▶ _Work request_
For this exercise, the lines from the one with "Photo of the" through the final line of the data below are to be transcribed exactly, and pictures are to be skipped.

▶ _Input for this task_
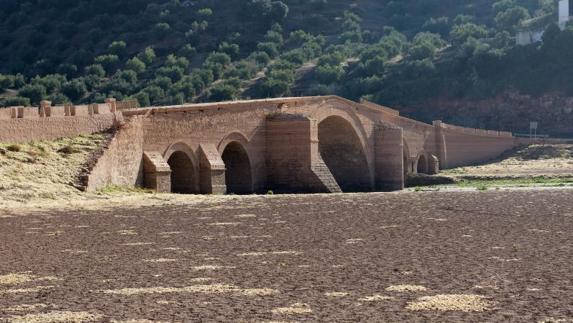 El Puente de Ariza reaparece gracias a la sequía. 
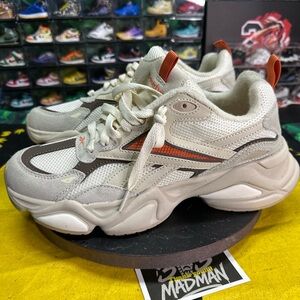 Reebok Charge Athletic Shoes Size 8M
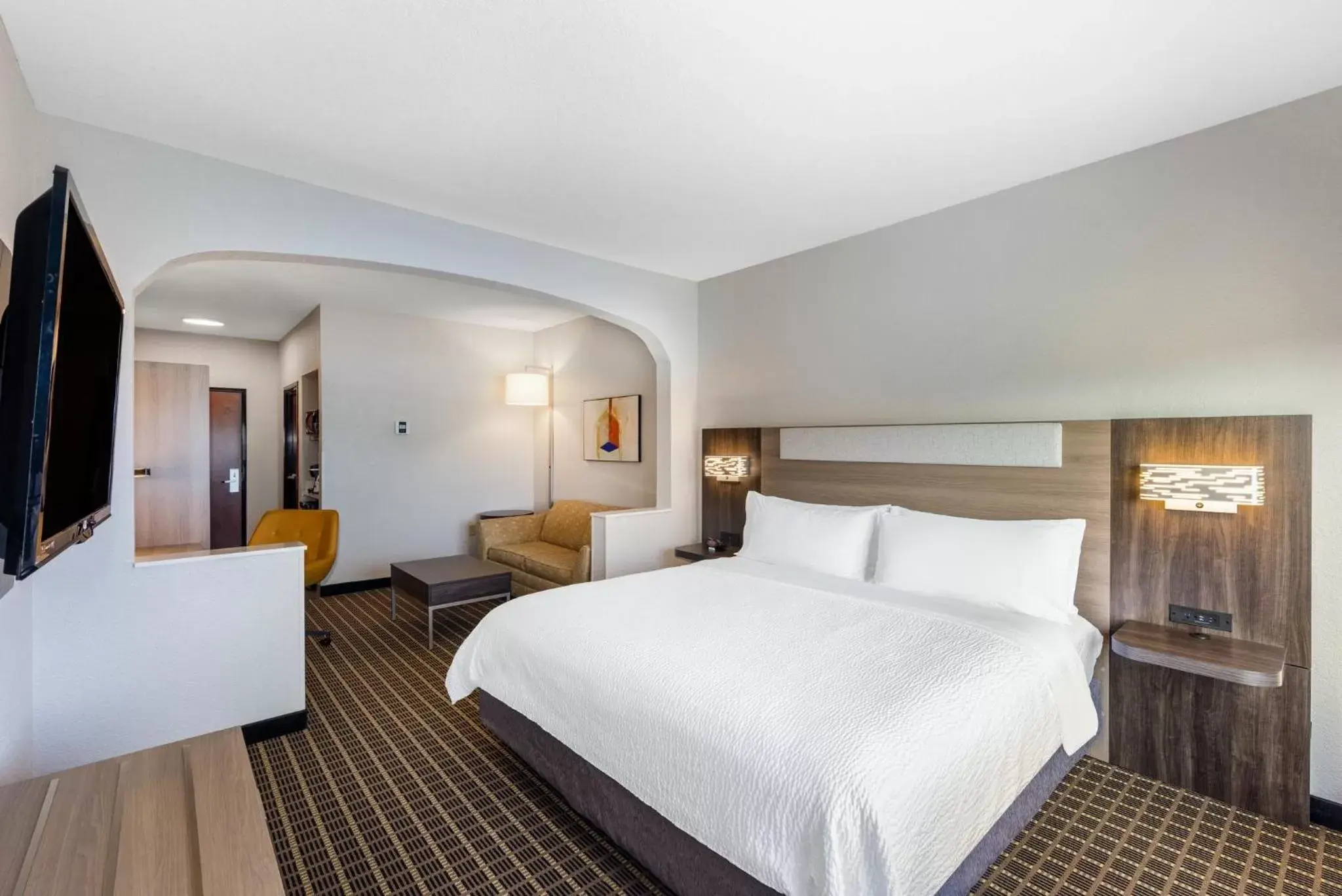 Photo of the whole room in Holiday Inn Express & Suites Pittsburg, an IHG Hotel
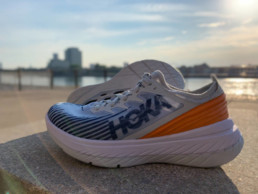 Hoka One One Carbon X-SPE seitlicher Blick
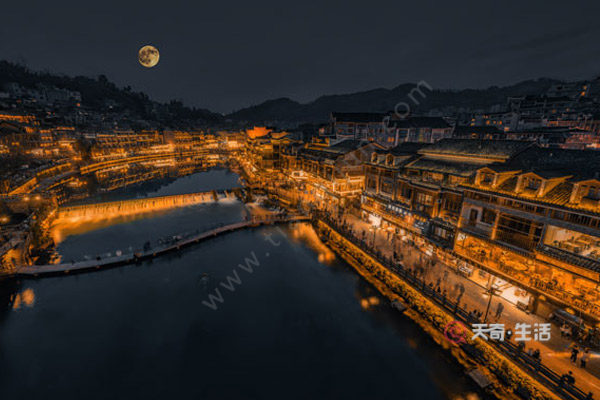 Fenghuang Ancient Town is suitable for a few days trip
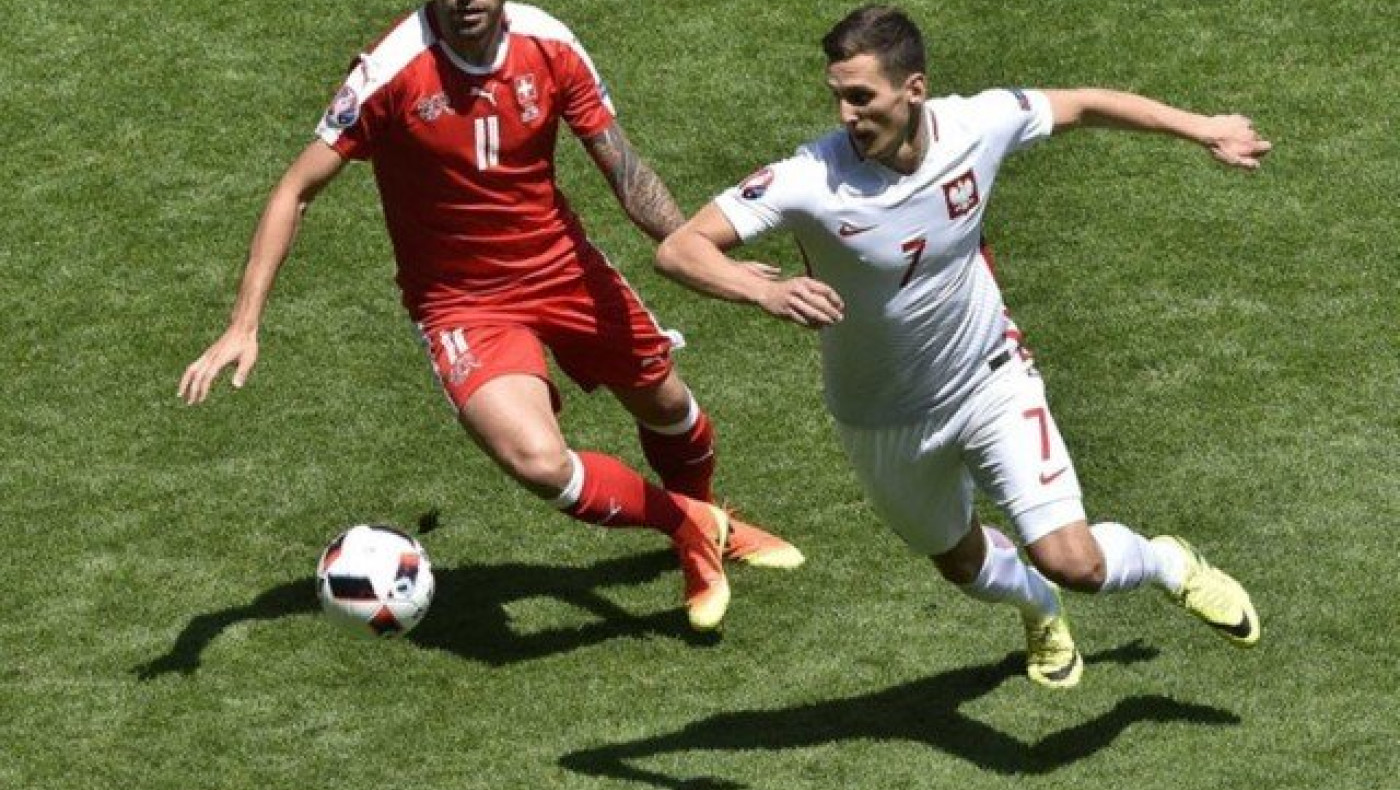 Βλέπω     να     μένει     από  δυνάμεις  η Πολωνία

▶ _Response box_
 Photo of the whole room in Holiday Inn Express & Suites Pittsburg, an IHG Hotel
 Hoka One One Carbon X-SPE seitlicher Blick
 Fenghuang Ancient Town is suitable for a few days trip
 Βλέπω     να     μένει     από  δυνάμεις  η Πολωνία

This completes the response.